The 63-year-old, who was a hugely popular figure in front of the camera and in the press box, hosted Sky Sports' Sunday Supplement after previously being the presenter of Hold the Back Page.

He was also a distinguished print journalist as chief sports writer for the Daily Star following 27 years with The Sun.

Sky Sports Managing Director Barney Francis said: "Brian has been a friendly face for Sky Sports viewers and colleagues for eighteen seasons.

"He loved Sunday Supplement and his wisdom, experience and well-considered views helped us all see the stories behind the headlines and the enduring power of good sports writing.

"He was charming, decent and always wonderful company. We and our viewers will miss him very much.

"Our thoughts are with his wife, Linda, and their family. And, of course, with his many colleagues in sport and journalism."

Football Writers' Association executive secretary Paul McCarthy, a regular on Sunday Supplement with Brian, said: "He treated everybody as an equal. There was no airs or graces with Wooly.

"If you were an experienced pro you could go up to him and say, 'listen what do you think about this?', and if you were just a young reporter coming through he would give you time and always be willing to lend a hand with a word of advice.

"He was just that kind of guy. He knew what the story was before most of us had got out of bed.
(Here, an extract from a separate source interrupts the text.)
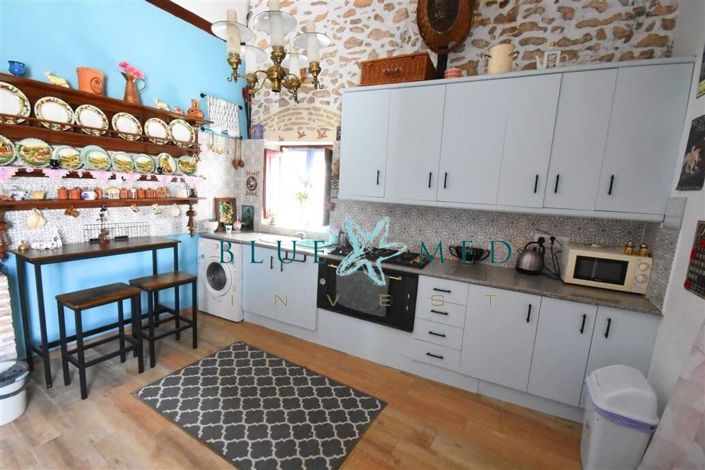 Image No.10-2 Bed Villa for sale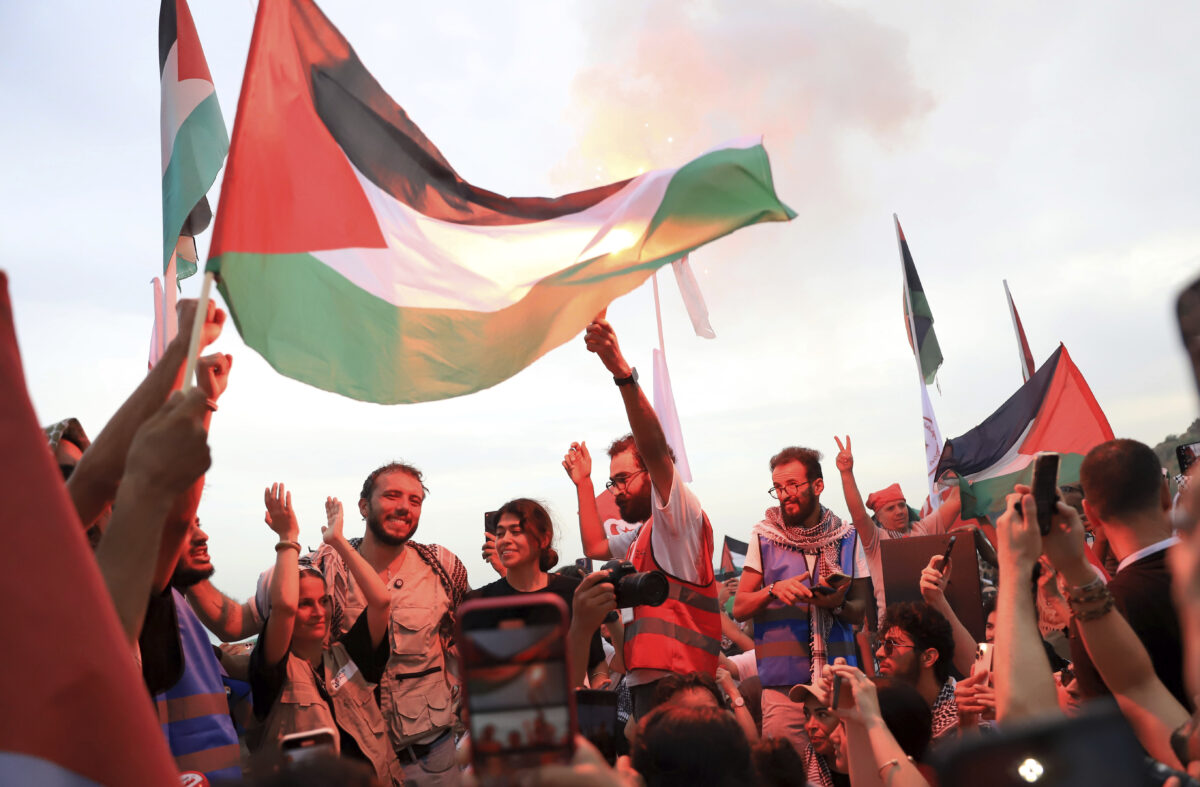 Gaza, Flotilla activists: “The mission continues, the world and law are with us” Gaza, Flotilla activists: “The mission continues, the world and law are with us”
At times when he was in full flow you just let him go, you never interrupted, or put in a question of your own, you just let Wooly get on with it because he knew the business inside out.

"He was a great all-round journalist, not just a great print journalist but a great print journalist as well."

Fellow Supplement guest and Daily Mirror chief football writer Martin Lipton said: "He was a fantastic, brave journalist because he was willing to ask the hardest questions and yet even if he had a fight with someone they knew it wasn't personal - it was always professional because he believed in what he was doing, and that's what every journalist would want to do.

"He was a trail-blazer in two ways. He was one of the first of the news-gathering reporters - the people who go on England trips, for example, and don't just report on the match but write stories around it.

"Then in the latter part of his career he made that fantastic transition from being a tabloid reporter to being part of people's breakfast on a Sunday, on the Sunday Supplement. Most football fans would know more Brian more for his work on Sky that for his stuff in The Sun and latterly The Star and he was always so comfortable in that environment.

"The shows that he anchored were always great to be on because you knew that with Brian in the chair you'd be seduced into saying the things that maybe you didn't want to say, but he knew you wanted to say. That's exactly the talent that he had. He was terrific in both his roles."